September 4th, 2012 No comments

Critics of technical analysis is sometimes liken it to reading tea leaves, perhaps because it is partly subjective. There are a lot of different tools, but most traders pick and choose only a few to use. But the same could be said about running a business, and yet we can clearly see some individuals have consistently better track records than others for being profitable. The analogy is especially appropriate because successful traders tend to view trading as a business.
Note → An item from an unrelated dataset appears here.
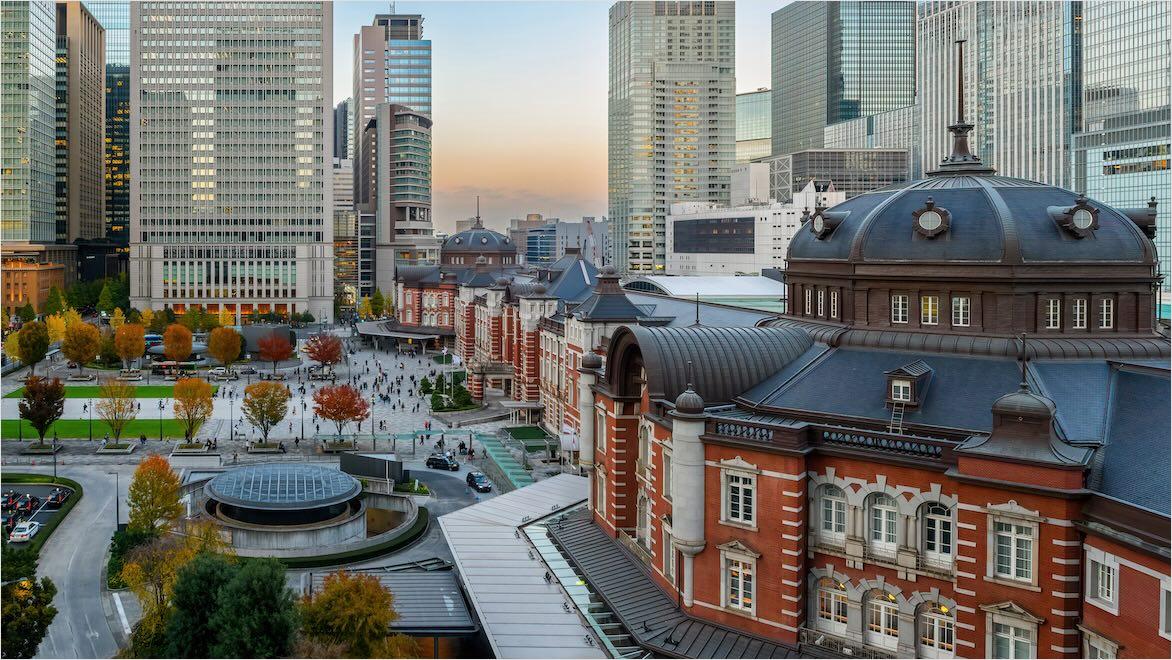 View of Tokyo’s historic Tokyo Station with modern skyline in the background.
The most basic technical indicators are support and resistance levels. Support are relatively low price levels the stock has trouble falling below, and resistance is the relatively high price level the stock has trouble climbing above. If a stock is “range-bound”, trading within a tight price range, the high end of that range is the resistance and the low end is support. Other key price levels are where spikes or dips occur. It’s rare that these key levels are hit precisely, down to the penny, so some eye-balling is required, and some practice is required to select the most effective levels. The best price levels tend to be at round numbers.

Notice how often and spikes and dips turn around close to multiples of 1000 points.

 

When a stock price breaks out above a key resistance level, resistance often becomes support. And likewise when support is broken, it becomes resistance for the stock price thereafter. Moreover, when a stock price breaks through a support or resistance level, the stock price usually continues in that direction and changes at a faster rate. These technical moves provide an opportunity for traders to make quick profits.
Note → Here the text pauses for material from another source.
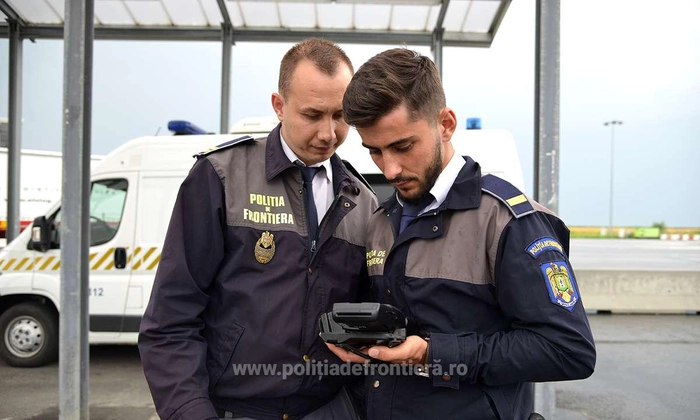 doi politisti din cadrul politiei de frontiera ce se uita pe un dispozitiv electronic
From an Austrian perspective, there are real human action reasons why it works this way. The most common reason articulated is that of the “bag-holder”. This is someone who bought the stock at a higher price and held onto it despite it having gone down. When the stock moves to the top of its trading range, the bag-holder sees an opportunity to finally get out at a decent price. Another common reason has to do with belief. Traders may not believe the stock likely to break out above resistance, so when the price gets there, they take a short-position, betting on the stock price dropping. Speculators may also be trading within the range, buying at the low of the range and selling at the high.
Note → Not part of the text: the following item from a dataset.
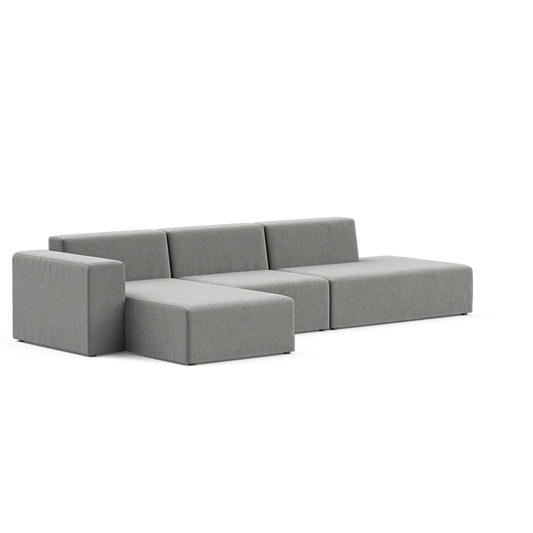 The Three-Seater Form Sectional is a contemporary, minimalist sofa in grey, featuring three seats and a chaise lounge on the left. Its design showcases clean lines and a low profile, all highlighted against a simple background.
For these various reasons, as the price reaches the resistance level, it brings in a disproportionate number of sellers, which of course will tend to push the price back down. However, if enough buyers take interest in a potential breakout, there are buyers for all the sellers. Once all the sellers have sold, the buyers push the stock price into a zone where there are relatively few sellers, and this allows the stock price to rise very quickly. This works for individual stocks as well as the overall market and creates difficulty for mathematical economic and financial models because breakouts stack the odds to make outliers more common than stochastic movements can account for.